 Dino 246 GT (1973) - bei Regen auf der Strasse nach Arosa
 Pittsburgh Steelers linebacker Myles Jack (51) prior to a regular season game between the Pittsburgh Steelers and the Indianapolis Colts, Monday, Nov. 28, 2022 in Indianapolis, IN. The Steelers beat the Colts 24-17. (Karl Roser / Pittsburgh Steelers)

--

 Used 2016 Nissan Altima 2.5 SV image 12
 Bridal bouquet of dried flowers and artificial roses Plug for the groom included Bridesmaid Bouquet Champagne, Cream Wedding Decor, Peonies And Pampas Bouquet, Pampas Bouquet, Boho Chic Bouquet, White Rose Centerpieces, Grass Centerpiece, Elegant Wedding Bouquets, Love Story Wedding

ASSIGNMENT — The required output is the stretch of entries above from the line containing "Dino 246 GT" through the line containing "Pittsburgh Steelers linebacker", reproduced exactly.

SOLUTION TO THIS TASK —
 Dino 246 GT (1973) - bei Regen auf der Strasse nach Arosa
 Pittsburgh Steelers linebacker Myles Jack (51) prior to a regular season game between the Pittsburgh Steelers and the Indianapolis Colts, Monday, Nov. 28, 2022 in Indianapolis, IN. The Steelers beat the Colts 24-17. (Karl Roser / Pittsburgh Steelers)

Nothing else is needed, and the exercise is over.